I’ll bet you that they didn’t ask about this on the SHRM-CP exam, did they?
Meet Ms. “X.”
(I’m not going to use her real name because I don’t need y’all blowing up her social media.)
Actually, instead of Ms. “X,” let’s call her “Plaintiff.”
Plaintiff filed this complaint in federal court — fine, I’ll wait while you Google — in which she alleges that in December 2019, she informed her immediate supervisor that she “suspected she suffered from a love/sex addiction” and was in the process of identifying a therapist with whom to pursue treatment.
Now, according to her complaint, Plaintiff served as Defendant’s “Director of IT Operations” at the time of her termination. She further alleged that on January 19, 2020, the website for one of Defendant’s customers “suffered a widespread and lengthy outage,” for which Plaintiff’s department was responsible.

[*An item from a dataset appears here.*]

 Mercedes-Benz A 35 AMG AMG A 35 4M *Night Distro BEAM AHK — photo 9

On January 23, 2020, Plaintiff took a personal day “to attend an emergency counseling session relating to her condition,” where she was officially diagnosed with a “love/sex addiction.” When Plaintiff returned to the office on January 24, 2020, she disclosed her diagnosis to her immediate supervisor, the same day that Defendant fired her. Defendant stated that her termination was related to the customer outage. Plaintiff claims that others were to blame too, but Defendant singled her out because of her “love/sex addiction” and violated the Americans with Disabilities Act.

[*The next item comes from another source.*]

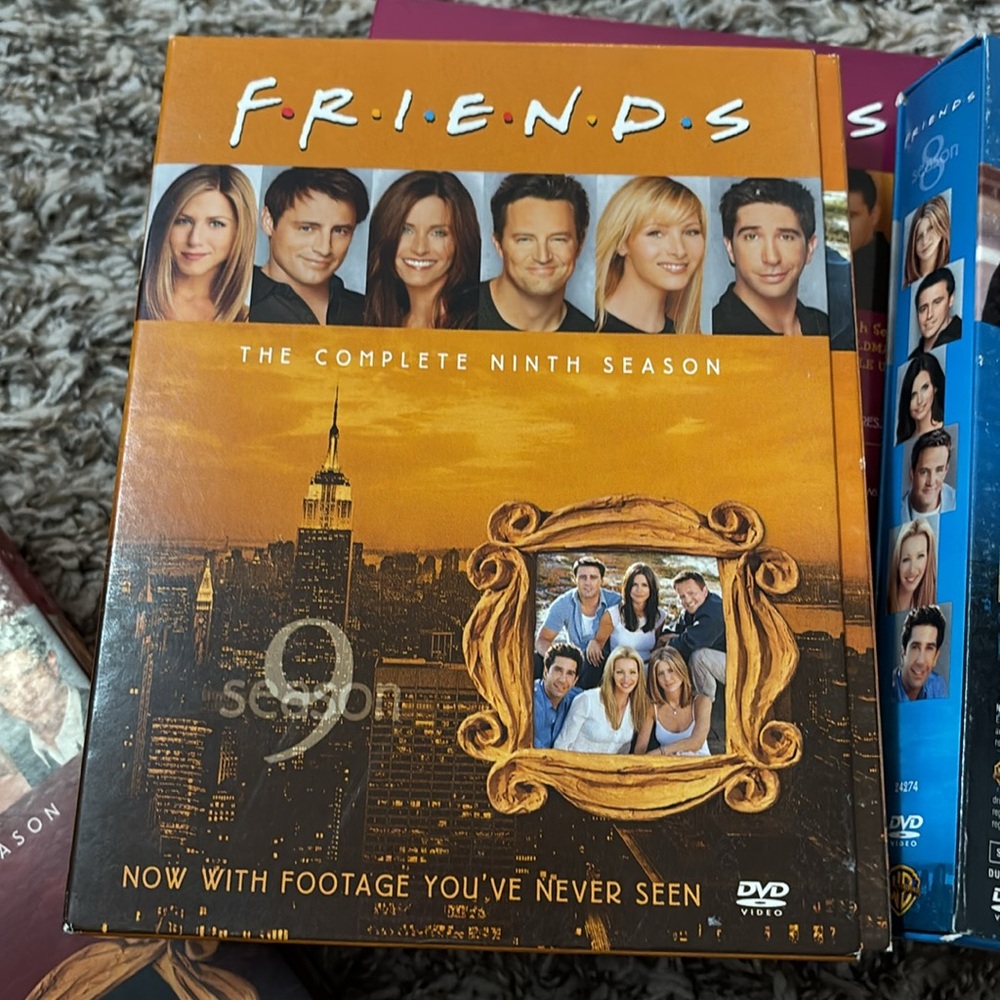 Friends seasons 1-6, 8-10 DVD’s EUC - Picture 15 of 17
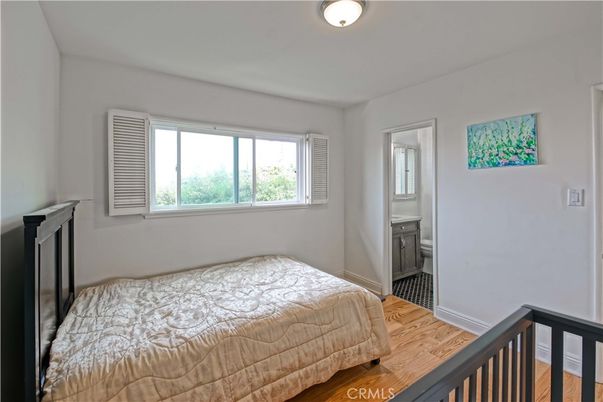 Bedroom, Fireplace, Interior, Wood Texture Flooring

While true that the ADA prohibits employers from discriminating against a qualified individual based on disability, a plaintiff must prove that she has a, you know, disability.

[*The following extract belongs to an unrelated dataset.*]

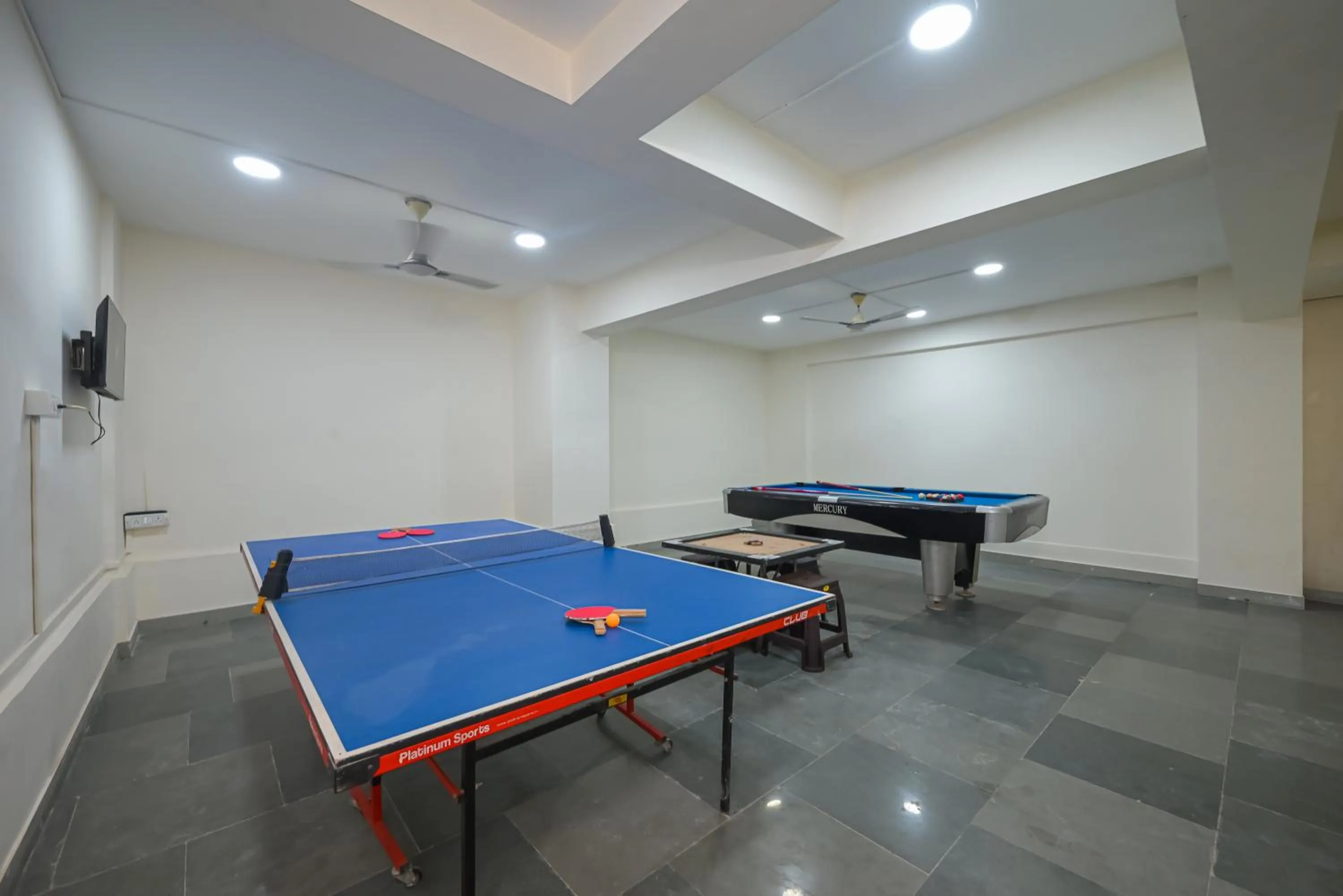 Billiard in Hotel Aristro Lonavala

When George Michael released “I Want Your Sex” back in 1987, he described that desire as “natural,” “chemical,” “logical,” “habitual,” and “sensual.”
(Good luck getting that song out of your head for the rest of the day.)
But, George Michael’s release predates the ADA by three years. When the ADA came along in 1990, it defined disability as “(A) a physical or mental impairment that substantially limits one or more major life activities of such individual; (B) a record of such an impairment; or (C) being regarded as having such an impairment.”
That’s a pretty broad definition. However, the ADA has some carve-outs, including “transvestism, transsexualism, pedophilia, exhibitionism, voyeurism, gender identity disorders not resulting from physical impairments, or other sexual behavior disorders.” Plus, no court has recognized a love/sex addiction as a covered disability under the ADA.
Now, if the plaintiff had an underlying disability — like in this case, PTSD — that caused the plaintiff to develop a sex addiction, then an adverse employment action connected to the underlying disability may lead to a viable claim under the ADA. But, standing alone, a love/sex addiction won’t cut it.
As a side note, how would you accommodate that disability anyway? Don’t answer that. I already did. Yet, no court has ever cited my work.